Mucha gente se avergüenza porque no puede dar limosna en la parroquia al ser pobre e ir muy justo, aunque debemos pensar en la viuda del Evangelio que dio más que nadie, porque dio de lo que no tenía. Aunque a veces Dios no nos pide ese heroismo sino que aceptemos con humildad nuestra pobreza y ayudemos en la parroquia con nuestras oraciones y con nuestro tiempo y servicio.
Ayudar en Misa o a rezar el Rosario, o tener un turno con el Santísimo es algo muy valioso, que no se puede pagar con dinero y agrada mucho a Dios.
Dios bendice a los que ayudan a los pobres y reprueba a los que se niegan a hacerlo: “A quien te pide da, al que desee que le prestes algo no le vuelvas la espalda” (Mt 5, 42). “Gratis lo recibisteis, dadlo gratis” (Mt 10, 8). Jesucristo reconocerá a sus elegidos en lo que hayan hecho por los pobres (cf Mt 25, 31-36). La buena nueva “anunciada a los pobres” (Mt 11, 5; Lc 4, 18)) es el signo de la presencia de Cristo.

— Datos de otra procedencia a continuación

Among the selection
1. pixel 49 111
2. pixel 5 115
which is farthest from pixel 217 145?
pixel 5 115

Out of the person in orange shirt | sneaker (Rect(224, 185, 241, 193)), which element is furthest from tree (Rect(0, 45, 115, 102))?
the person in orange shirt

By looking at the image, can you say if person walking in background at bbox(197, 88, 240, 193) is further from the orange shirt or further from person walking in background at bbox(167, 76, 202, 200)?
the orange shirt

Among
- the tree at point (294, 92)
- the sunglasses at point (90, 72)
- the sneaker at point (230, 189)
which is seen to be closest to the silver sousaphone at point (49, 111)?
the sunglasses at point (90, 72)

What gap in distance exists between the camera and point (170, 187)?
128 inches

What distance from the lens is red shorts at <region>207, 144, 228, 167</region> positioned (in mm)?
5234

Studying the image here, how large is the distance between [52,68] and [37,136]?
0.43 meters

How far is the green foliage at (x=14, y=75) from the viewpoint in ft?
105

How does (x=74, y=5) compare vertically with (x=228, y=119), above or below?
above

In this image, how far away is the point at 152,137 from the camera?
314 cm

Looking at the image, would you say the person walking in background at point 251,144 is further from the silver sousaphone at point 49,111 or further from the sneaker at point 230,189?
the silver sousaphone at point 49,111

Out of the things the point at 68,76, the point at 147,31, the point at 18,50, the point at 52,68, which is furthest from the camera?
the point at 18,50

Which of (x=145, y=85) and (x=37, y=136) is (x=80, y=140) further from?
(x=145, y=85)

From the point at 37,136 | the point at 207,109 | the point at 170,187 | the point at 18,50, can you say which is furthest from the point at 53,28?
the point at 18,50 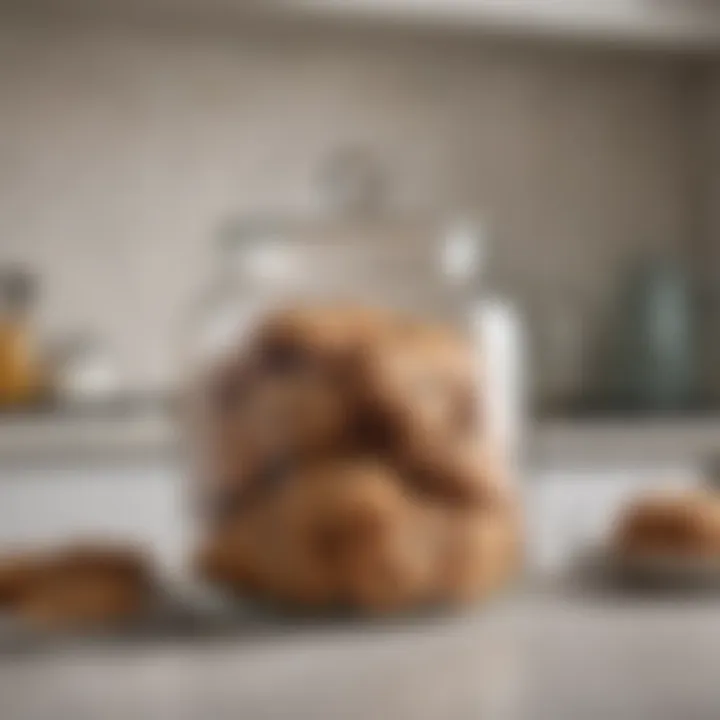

“El amor de la Iglesia por los pobres […] pertenece a su constante tradición” (CA 57). Está inspirado en el Evangelio de las bienaventuranzas (cf Lc 6, 20-22), en la pobreza de Jesús (cf Mt 8, 20), y en su atención a los pobres (cf Mc 12, 41-44). El amor a los pobres es también uno de los motivos del deber de trabajar, con el fin de “hacer partícipe al que se halle en necesidad” (Ef 4, 28). No abarca sólo la pobreza material, sino también las numerosas formas de pobreza cultural y religiosa (cf CA 57).